Description
Delicious soft pretzels stuffed with gooey mozzarella, infused with fragrant rosemary, and topped with Parmesan.
Ingredients
Scale
- 4 cups bread flour
- 2 teaspoons active dry yeast
- 1 ½ cups warm water (about 110°F)
- 1 tablespoon honey
- 1 tablespoon kosher salt
- 2 tablespoons melted butter
- 2 tablespoons fresh rosemary, chopped
- ½ cup grated Parmesan cheese
- 8 oz fresh mozzarella cheese, cubed
- ¼ cup baking soda (for boiling)
Instructions
- Activate the yeast: In a small bowl, combine warm water and honey. Sprinkle the yeast on top and let it sit for about 5-10 minutes until foamy.
- Prepare the dough: In a large mixing bowl, combine bread flour and kosher salt. Once the yeast is activated, add it to the flour mixture along with melted butter. Mix until a soft dough forms.
- Knead the dough: Turn the dough onto a floured surface and knead for about 5-7 minutes until smooth and elastic. If sticky, add more flour as needed.

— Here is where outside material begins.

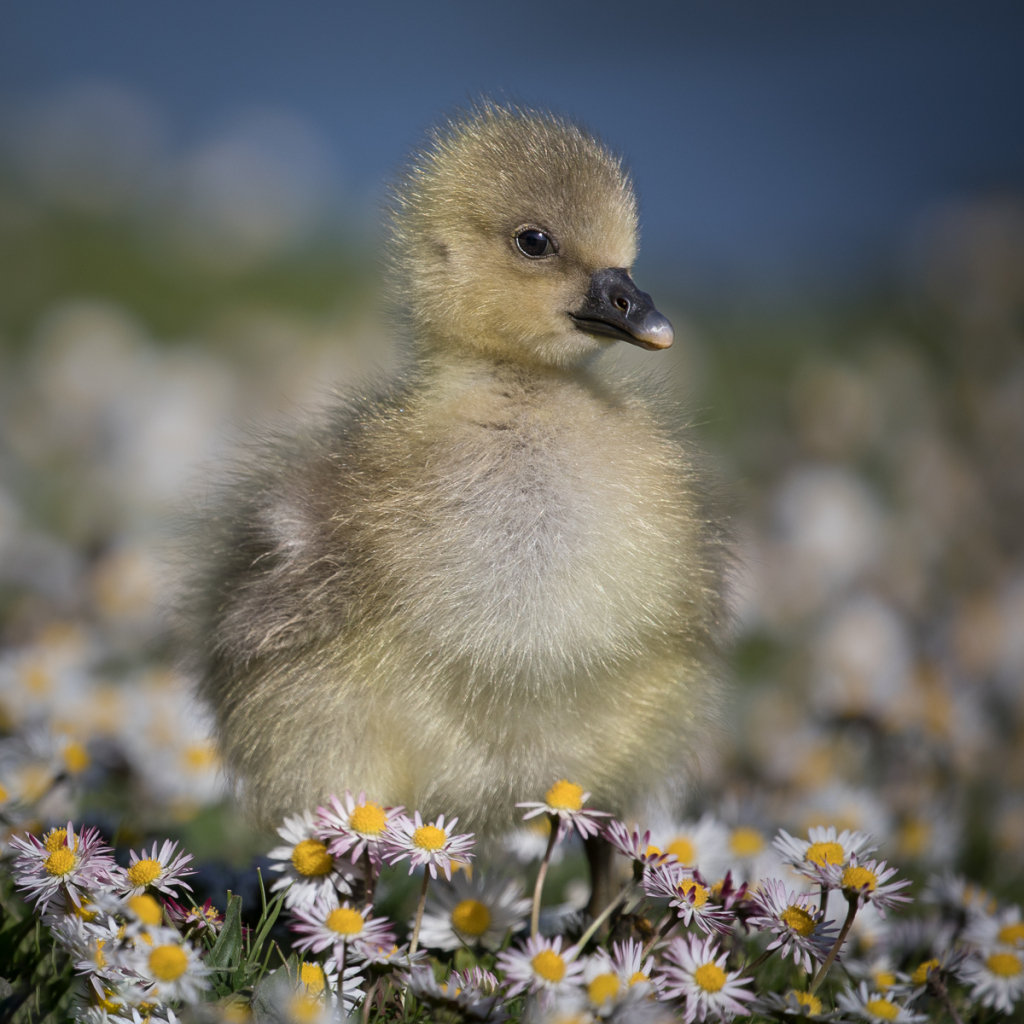 DUCKLING IN THE DAISIES by Fiona Rich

- First rise: Place the kneaded dough in a greased bowl, cover with a kitchen towel, and let it rise in a warm place for about 1 hour, or until doubled in size.
- Prepare the filling: Mix the chopped rosemary and grated Parmesan in a bowl. Cut the mozzarella into small cubes.
- Shape the pretzels: Once risen, punch down the dough and divide it into 8 pieces. Roll each into a rope, place a cube of mozzarella at the end, wrap the dough around it, and shape into a pretzel.
- Boil the pretzels: In a large pot, bring water to boil, add baking soda. Boil each pretzel for about 30 seconds on each side, then drain on paper towels.
- Bake: Preheat your oven to 425°F (220°C) and bake the pretzels for 12-15 minutes or until golden brown.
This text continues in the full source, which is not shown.